The Muslim civil rights group said it received 8,061 complaints nationwide last year, marking the highest it has ever recorded in its 30-year history.

"We received 3,578 of those complaints between October 1 and December 31. In other words, nearly half of all complaints received in 2023 were reported in the final three months of the year," said the report.

That period was marked by an escalation of hostilities by Israel in the Gaza Strip after an Oct. 7 attack by the Palestinian resistance group, Hamas, against southern Israel.

"The primary force behind this wave of heightened Islamophobia was the escalation of violence in Israel and Palestine in October 2023," said CAIR.

The 2023 wave of anti-Muslim incidents, a 56% jump compared to the previous year, surpassed the period following the implementation of former President Donald Trump’s Muslim ban in 2017, which saw a 32% jump against the previous year.

The report said the highest-recorded number of complaints previously occurred in 2021, but the number of complaints in 2023 marks a 20% increase from the 6,720 complaints reported in 2021.

"At 1,637 complaints, immigration and asylum cases comprised 20% of total complaints received in 2023. Employment discrimination (1,201 complaints, or 15%), education discrimination (688 complaints, or 8.5%), and hate crimes and incidents (607 complaints, or 7.5%) are among the highest reported categories," it said.

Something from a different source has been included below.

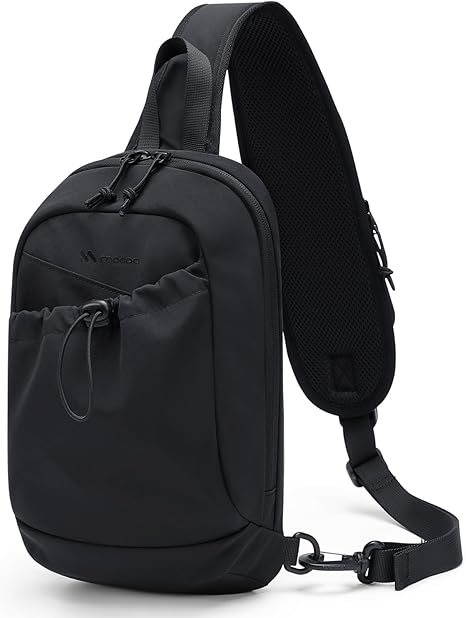 MDODO All-purpose Sport Sling Bag for Women, Crossbody Sling Chest Daypack Shoulder Bag Cross body Bag for Casual Commuting Work Travel Sport Hiking,3.4L(Beige/Black)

More than 32,800 Palestinians have been killed and 75,300 injured amid mass destruction and shortages of necessities since Israel began its onslaught against Gaza.

Israel has also imposed a crippling blockade on Gaza, leaving its population, particularly residents of northern Gaza, on the verge of starvation.

The Israeli war has pushed 85% of Gaza’s population into internal displacement amid acute shortages of food, clean water and medicine, while 60% of the enclave's infrastructure has been damaged or destroyed, according to the UN.

Israel is accused of genocide at the International Court of Justice, which last Thursday asked it to do more to prevent famine in Gaza.